Anyone who owns a Catan game will see a lot familiar parts in Settlers of America. There are a number of wooden pieces (cubes, rails, trains, settlers, settlements) in 4 different colors like you might expect. Also included is the standard pile of cards to serve as resources and development cards.
The main difference is the game board. Gone are the variable hexes that can be configured endlessly. Replacing that is a large game board with a map of the United States divided up into Catanesque hexes. This means that the board will be roughly the same for every game of Catan America you play. The only difference will be where some of the numbers are placed.
Overall players should feel comfortable with what they get in the game box. If you were pleased with the components of your previous Catan games then you will have nothing to complain about here.
How to Play:
Everyone starts the game with 2 cities and a railroad track. On the game board, each player also gets a “wheel” to house their remaining cities and goods. As a player builds a city on the board, the goods cube will move to the center of the wheel, marking it ready to be delivered. It’s a nice mechanic that forces players to balance expansion with delivery. It also works well to remind players if they have a good cube available to be delivered, since you can deliver one until you build a city to free it up. But I’m getting ahead of myself.
Turn order in Settlers of America is pretty similar to your standard Catan game. At the start of every turn a player rolls 2 dice. The number that comes up indicates which hexes produce a resource. I should note that this part takes a bit longer as players have many more cities on the board (up to 10). If a 7 is rolled the robber will still come out vex a player. New here is the gold rule. If a player doesn’t get a resource on a turn, they collect 1 gold piece from the bank. On a players turn, they can trade 2 gold to the bank for any 1 resource. I was a fan of this new rule as it’s a good way to help mitigate the luck of the dice rolls.

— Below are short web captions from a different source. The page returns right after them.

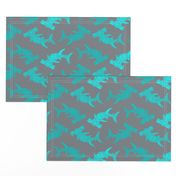 Large Multi Aqua Hammerhead on Grey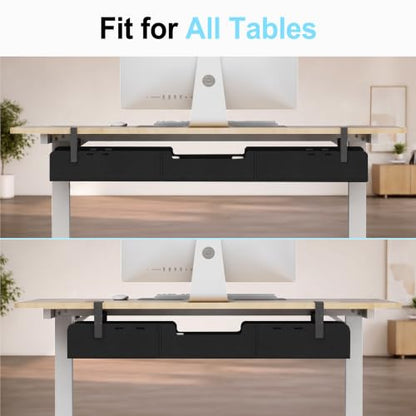 No-Drill Under Standing Desk Cable Management,31.5" L,Black - color: Black, size: 31.5"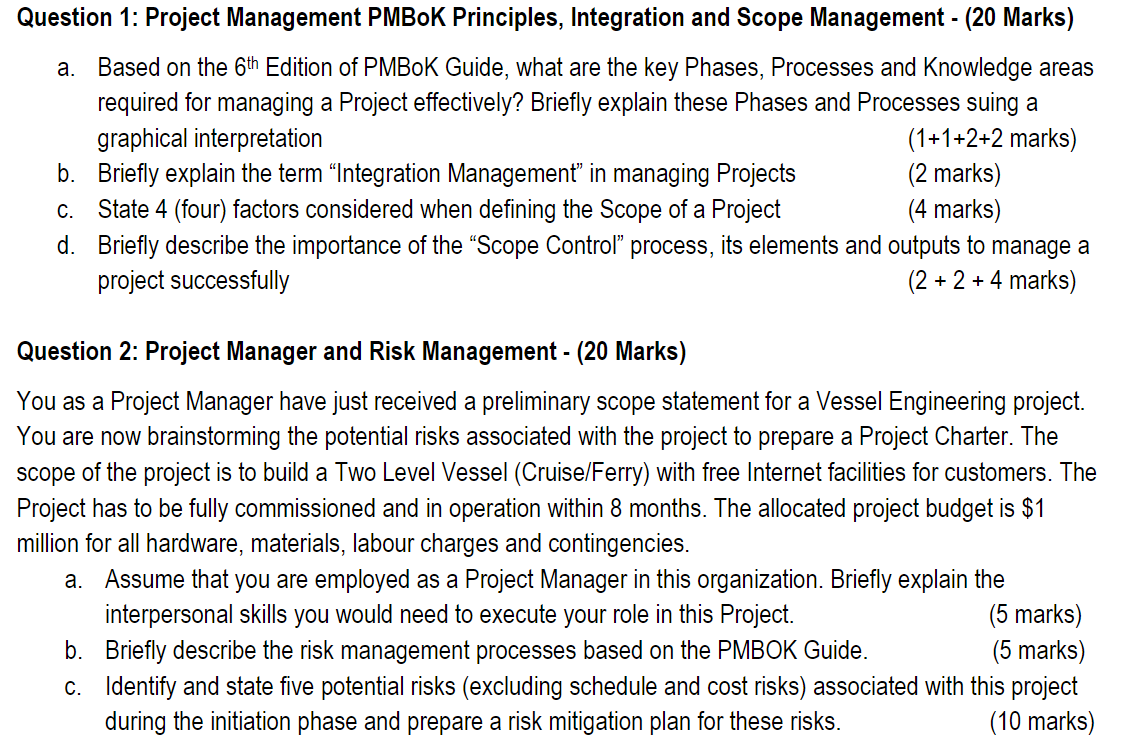 Question 1: Project Management PMBOK Principles,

After the resources are collected a player can build and/or trade. There are some new options to build now:
Settler: Players have 2 settlers they can build. They will move around the board (spending a wheat resources for every 3 spaces) and if they stop on an open city space, they automatically found a city there. The city token replaces the settler on the board who must be built anew to be used again. As noted earlier, building a city will free up a good cube to be delivered with your train.

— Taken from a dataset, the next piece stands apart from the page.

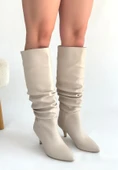 Zelya Bej Cilt Topuklu Çizme thumbnail 1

Railroad track: Players will build these to connect cities, much like the roads were used in The Settlers of Catan. The difference here is that any railroad can connect to any players city or rail. Also, any players train can run on your railroad (for a fee). Delivering cubes is only done with your train so building a rail network is a must.
Trains: These run will run on the railroad track you build (obviously) and are used to deliver goods cubes. It costs 1 coal resource to move up to 3 rail spaces. If a train ends in an opponents city with an open cube space, they may deliver a good if they have one available.

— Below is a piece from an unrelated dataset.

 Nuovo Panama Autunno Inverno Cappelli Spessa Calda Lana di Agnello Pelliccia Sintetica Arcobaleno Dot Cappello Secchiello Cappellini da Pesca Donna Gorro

Development Cards: These are pretty similar to what’s in The Settlers of Catan, however there are no victory point cards in Catan America.
After a player has finished building then an extraordinary build phase happens. This lets all the other players build (but not trade or move trains/settlers) before the next player goes. This is to allow players to spend resources before their turn to offset the threat of being robbed if a 7 is rolled. I’m guessing the designers thought this was necessary because of the higher amount of resources a player will be collecting each turn.
Then the dice pass and the next player starts their turn. Rounds progress in this fashion until someone delivers there last cube (10th) and wins the game.
Mayfair Games did a fantastic job with the theme of Settlers of America. I like the map of the United States and how the game starts with all the players in the East Coast area. As the game progresses, players will migrate west before eventually being stopped by the Pacific. Mountains, plains and major cities are all about where you’d expect them. So top points to Mayfair for making the game feel very thematic.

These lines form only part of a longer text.